If only a small fraction of these pilot projects get out of the testing phase and make it to larger deployments, it will represent demand for edge infrastructure that dwarfs what the industry discussion has been to this point — and that echoes the scale that the professors from Wisconsin and Oregon are predicting in their research.

Ok, we’re at 79:45, and Roy Scheider just filled up his bucket with fish guts for the hundredth time in the movie. This is getting exciting.



Just like in the movie, even though it feels like you’re never going to see the shark, it’s closer than you think. Much closer. Eerily close. Perhaps even right under the boat, like in that creepy scene mid-way through.

That’s exactly where we are at with edge computing. All heck is about to break loose, but you can’t see it yet. You can sense it. In Jaws, the famous music helped give you a clue how close the shark was. In our industry, it’s the pilot projects that are the equivalent of the “Dah-dum, dah-dums” of John Williams’ score.

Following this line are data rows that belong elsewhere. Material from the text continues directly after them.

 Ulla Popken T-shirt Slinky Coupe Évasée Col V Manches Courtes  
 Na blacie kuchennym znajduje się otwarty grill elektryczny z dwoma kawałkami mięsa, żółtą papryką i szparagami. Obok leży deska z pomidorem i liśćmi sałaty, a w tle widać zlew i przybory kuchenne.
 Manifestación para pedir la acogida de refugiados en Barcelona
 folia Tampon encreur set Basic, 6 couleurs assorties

In my role, I get to have a lot of conversations with people who are at the forefront of figuring out how their organizations are going to take advantage of edge computing. And those dialogues make something abundantly clear: there is a boatload of edge pilot projects in the works, and that is the last hurdle to mass deployments on the scale I’ve discussed above. These are smart people, who work for big companies and who believe in edge computing as a way to solve thorny operational and customer service issues, and they are ready to take projects from the drawing board to the data center.

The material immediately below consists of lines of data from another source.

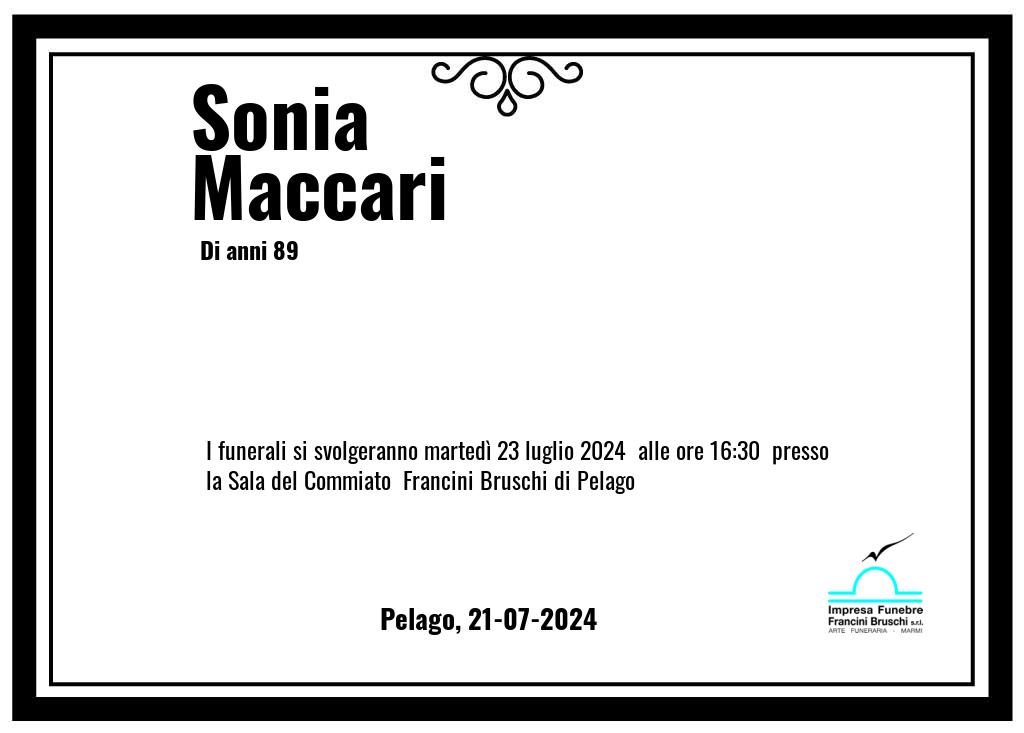 Manifesto funebre di Sonia  Maccari Pelago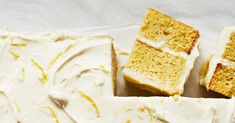 slices of cake sitting on top of a white plate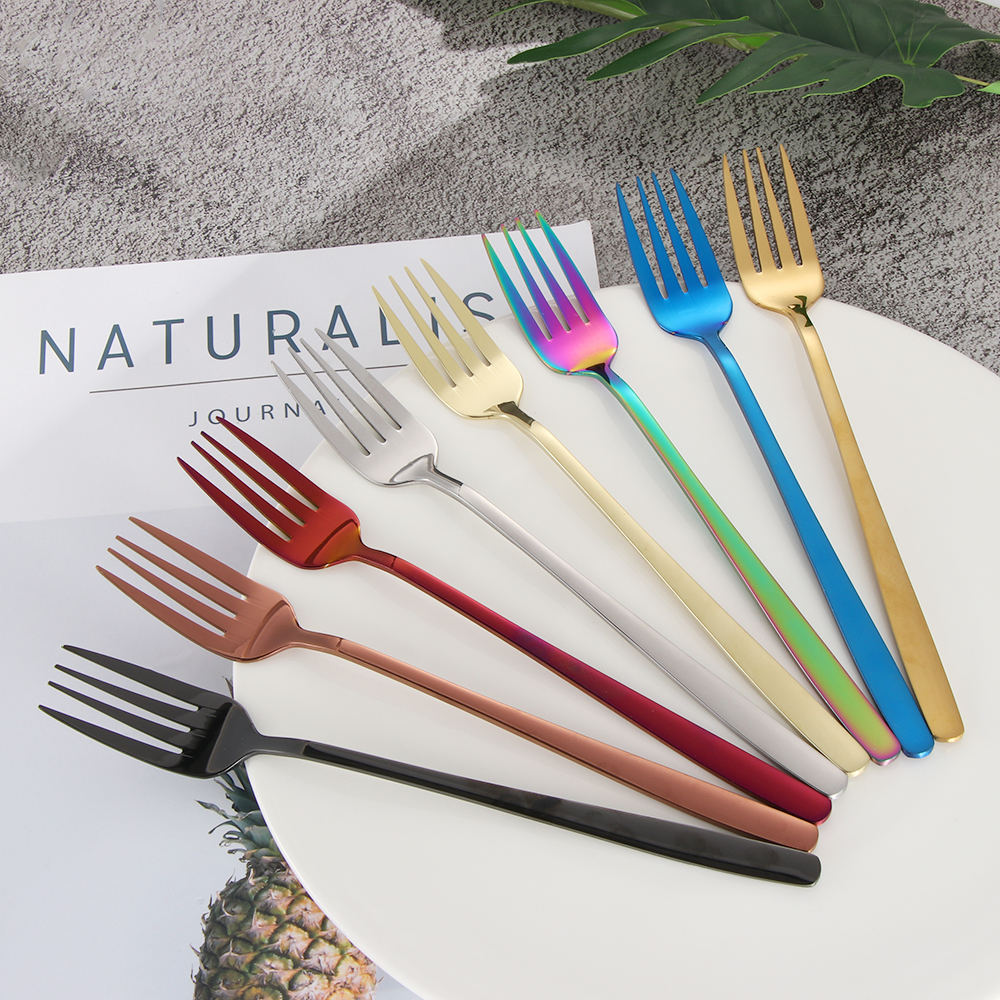 Cuillères et fourchettes à Long manche | Couleur arc-en-ciel en acier inoxydable, cuillère à soupe cuillère glaces thé cuillère à café vaisselle de table, couverts de maison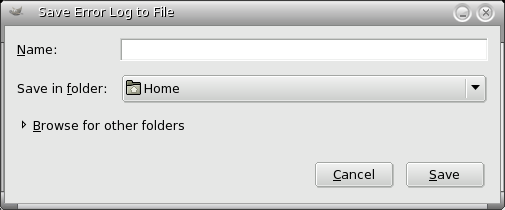 “Save Error Log to file” Dialog window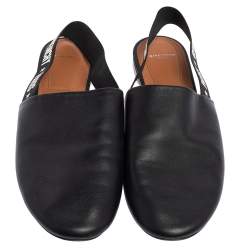 Givenchy Black Leather Rivington Logo Slingback Flat Mules Size 40.5
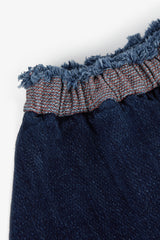 WOLF & RITA WAISTED FRINGES DENIM SKIRT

The challenge has been how to get those pilot projects into production in a real-world edge data center setting that gives companies the test results they need to green light full scale rollouts. In the past, there haven’t been “live” units for this kind of testing, or the cost was prohibitive for organizations to have access to the kind of facility for pilot projects. After all, who has the multi-million dollar budget to deploy a micro data center to support just a pilot project?

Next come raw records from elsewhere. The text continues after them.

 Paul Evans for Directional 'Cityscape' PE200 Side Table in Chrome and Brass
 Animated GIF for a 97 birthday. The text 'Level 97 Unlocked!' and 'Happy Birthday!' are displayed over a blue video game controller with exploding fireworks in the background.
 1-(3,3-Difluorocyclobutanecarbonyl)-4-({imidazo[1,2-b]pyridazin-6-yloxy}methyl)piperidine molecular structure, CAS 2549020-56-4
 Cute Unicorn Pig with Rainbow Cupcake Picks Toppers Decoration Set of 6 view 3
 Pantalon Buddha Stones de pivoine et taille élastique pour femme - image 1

But this last barrier is coming down, too, just like all the others I’ve discussed above. Providers of micro data center solutions are progressing to the point where they can fulfill orders with production units, and one company is even launching a free testing environment to help companies do proof-of-concept testing as a precursor to large-scale deployments. These pilot projects are about to move ahead at shark-like speed, and things won’t be the same after that.



I’m looking at the timer, and it says 79 minutes and 55 seconds. All the talk is finally going to lead to something. All the waiting and suspense is finally going to pay off. It’s not a scary shark that will finally surface, though. This is the future of computing. A new era as big as when PCs became a consumer product and ushered in the personal computing age  — or when the internet became mainstream and ushered in the age of connectivity — or when suddenly everyone had a smartphone that put the power of computing at their fingertips — from anywhere. This is the next stage in the evolution of technology, and it’s going to be bigger and arrive sooner than most of us ever dreamed.

And while I have your attention: If a mega shark starts attacking you, be sure to shove an oxygen tank in its jaws. That’s a pro tip!